When the System R* method considers each of the options listed above, it
must evaluate the cost of these methods. The actual cost function used in
System R* is quite complex, it takes account of the computation cost at a
site as well as the transmission cost between sites. Further, the System
R* method for optimizing distributed queries exhaustively considers all
possible strategies for query evaluation that can be built from a fixed
collection of options. The System R* is described in greater detail in
Principles of Database Systems, by Jeffrey D. Ullman, Computer Science
Press, 1982, which is incorporated herein by reference.
The System R* method has the disadvantage that the computation time spent
in determining an optimum query execution strategy may exceed the time to
be saved by execution of the optimal strategy. Further, the System R*
method requires the site at which optimization is being performed to have
access to sufficient information about the various sites so that the
computation cost at the sites can be calculated. This site information has
to be transmitted to the optimization site and must be updated as
conditions at the various sites change. In addition, the System R*
optimization method requires that all, global and local, optimization must
be performed before any execution of the query can be started.
OBJECTS OF THE INVENTION
Accordingly, it is an object of the present invention to provide a
distributed database query optimization method that allows some of the
optimization to be done locally.
It is another object of the present invention to provide a distributed
database query optimization method that separates optimization into global
and local processes allowing multiple local optimizations to be done in
parallel thereby decreasing the elapsed optimization time.

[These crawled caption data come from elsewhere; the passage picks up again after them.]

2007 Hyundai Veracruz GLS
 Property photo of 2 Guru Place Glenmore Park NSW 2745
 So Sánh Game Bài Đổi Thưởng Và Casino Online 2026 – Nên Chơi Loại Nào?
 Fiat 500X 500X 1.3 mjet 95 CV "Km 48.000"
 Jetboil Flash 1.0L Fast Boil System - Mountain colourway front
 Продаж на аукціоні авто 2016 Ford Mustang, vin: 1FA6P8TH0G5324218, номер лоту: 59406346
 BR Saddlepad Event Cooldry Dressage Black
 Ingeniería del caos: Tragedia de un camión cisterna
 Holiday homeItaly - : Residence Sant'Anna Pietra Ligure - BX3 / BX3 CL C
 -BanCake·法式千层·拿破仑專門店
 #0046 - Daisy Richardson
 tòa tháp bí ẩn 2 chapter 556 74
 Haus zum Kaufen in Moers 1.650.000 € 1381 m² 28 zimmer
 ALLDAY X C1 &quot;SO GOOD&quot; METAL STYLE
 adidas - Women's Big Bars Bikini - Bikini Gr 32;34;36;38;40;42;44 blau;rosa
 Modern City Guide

It is a further object of the present invention to provide a distributed
database query optimization method which has a less exhaustive global
optimization process and allows some of the optimization to be done
locally.
It is a yet further object of the present invention to provide a
distributed database query optimization method which does not require
local database parameters to be present at all sites which perform query
optimization.
It is a still further object of the present invention to provide a
distributed database query optimization method which performs local
optimization at the local sites using current local database parameters.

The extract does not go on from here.